MATERIALS PROVIDED section start

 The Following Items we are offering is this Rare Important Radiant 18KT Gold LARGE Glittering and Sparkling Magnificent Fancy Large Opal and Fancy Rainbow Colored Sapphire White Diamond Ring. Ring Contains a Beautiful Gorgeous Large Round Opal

MATERIALS PROVIDED section end
MATERIALS PROVIDED section start

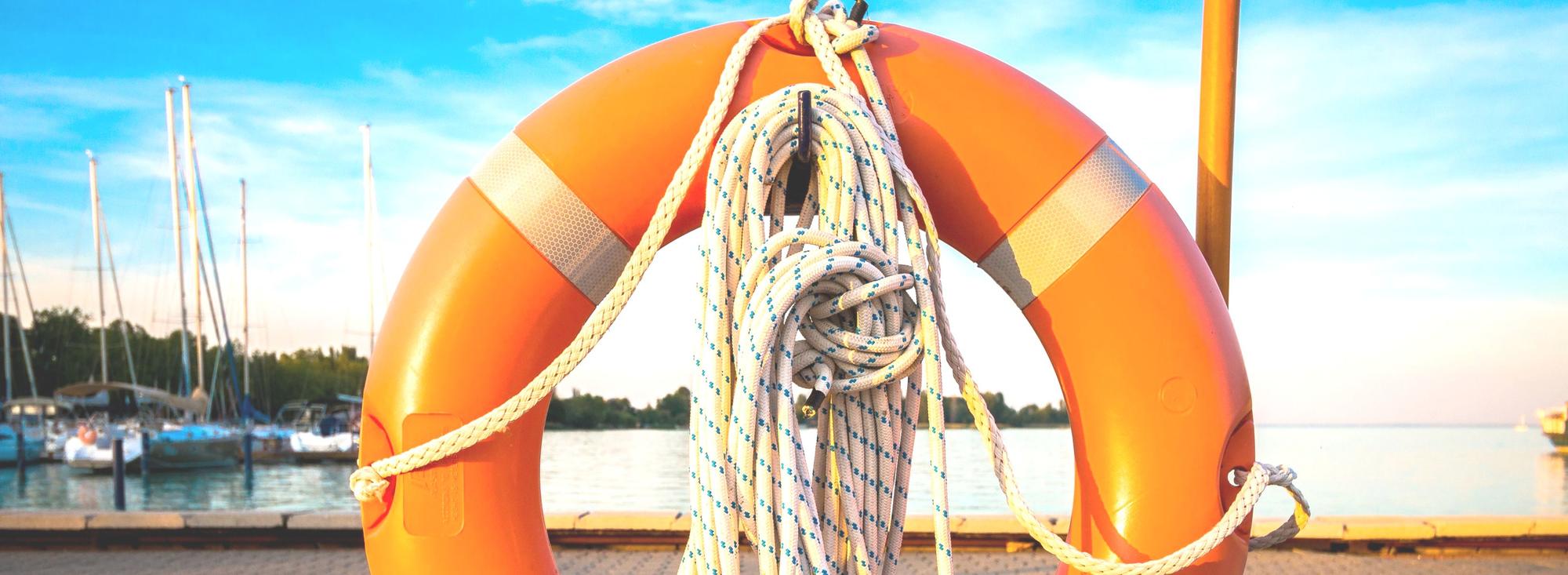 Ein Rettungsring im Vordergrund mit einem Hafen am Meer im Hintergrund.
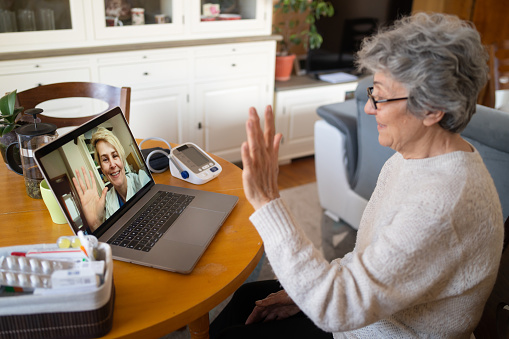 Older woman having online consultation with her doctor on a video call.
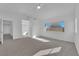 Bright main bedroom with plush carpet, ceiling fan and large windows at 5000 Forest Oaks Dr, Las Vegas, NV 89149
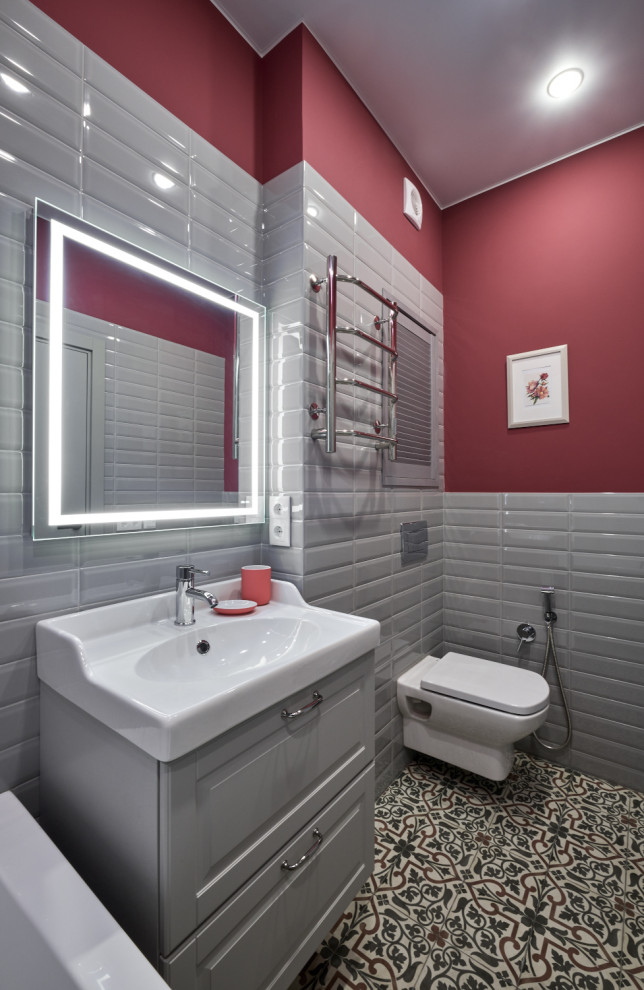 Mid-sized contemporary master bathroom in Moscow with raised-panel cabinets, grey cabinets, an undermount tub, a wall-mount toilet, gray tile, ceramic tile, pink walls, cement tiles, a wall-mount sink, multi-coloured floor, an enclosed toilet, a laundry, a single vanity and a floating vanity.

MATERIALS PROVIDED section end

=== WHAT TO PRODUCE ===
Restate the lines above from the one containing "Ein Rettungsring im" through the one containing "Mid-sized contemporary master", inclusive, exactly and without pictures.

=== TASK SOLUTION ===
 Ein Rettungsring im Vordergrund mit einem Hafen am Meer im Hintergrund.
 Older woman having online consultation with her doctor on a video call.
 Bright main bedroom with plush carpet, ceiling fan and large windows at 5000 Forest Oaks Dr, Las Vegas, NV 89149
 Mid-sized contemporary master bathroom in Moscow with raised-panel cabinets, grey cabinets, an undermount tub, a wall-mount toilet, gray tile, ceramic tile, pink walls, cement tiles, a wall-mount sink, multi-coloured floor, an enclosed toilet, a laundry, a single vanity and a floating vanity.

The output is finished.